*Exercise instructions*. I'd like the data below restated word for word, with the pictures left out.

*Supplied data*.

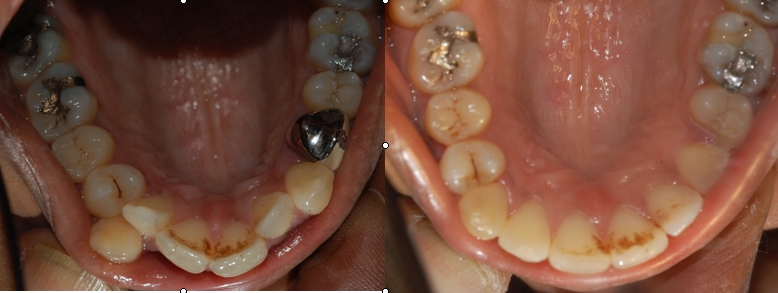 Occlusal views pre and post trt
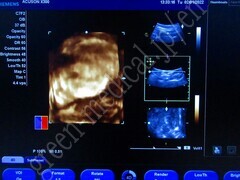 SIEMENS Ultrasound Color Doppler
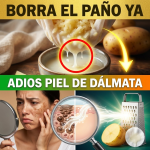 ¡¿Tienes “Piel de Dálmata” por el Sol?! Borra el Paño y las Manchas Oscuras con Jugo de Papa Cruda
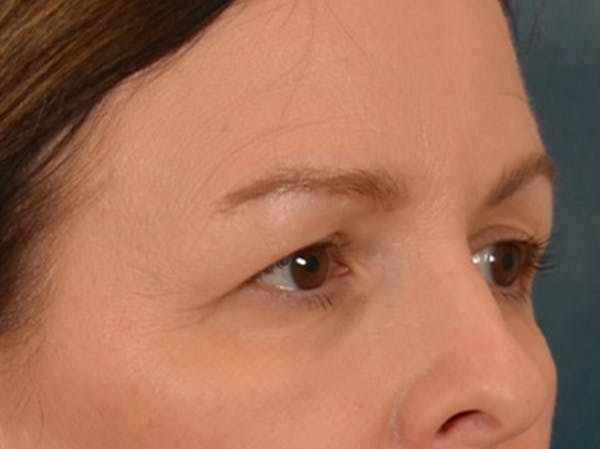 Eyelid Lift Before & After Gallery - Patient 232550 - Image 3
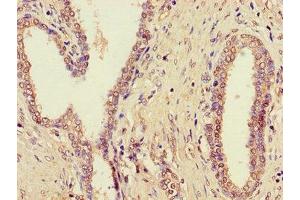 Immunohistochemistry of paraffin-embedded human prostate cancer using ABIN7164562 at dilution of 1:100 (ZDHHC1 antibody  (AA 283-389))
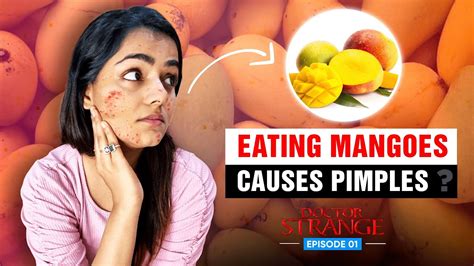 Does Mango Causes Pimples 🥭 Doctor Strange Ep 1 Youtube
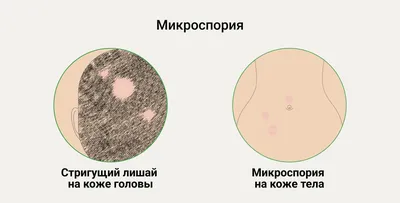 Пиодермия у взрослых: лечение, рекомендации, симптомы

*Response area*.
 Occlusal views pre and post trt
 SIEMENS Ultrasound Color Doppler
 ¡¿Tienes “Piel de Dálmata” por el Sol?! Borra el Paño y las Manchas Oscuras con Jugo de Papa Cruda
 Eyelid Lift Before & After Gallery - Patient 232550 - Image 3
 Immunohistochemistry of paraffin-embedded human prostate cancer using ABIN7164562 at dilution of 1:100 (ZDHHC1 antibody  (AA 283-389))
 Does Mango Causes Pimples 🥭 Doctor Strange Ep 1 Youtube
 Пиодермия у взрослых: лечение, рекомендации, симптомы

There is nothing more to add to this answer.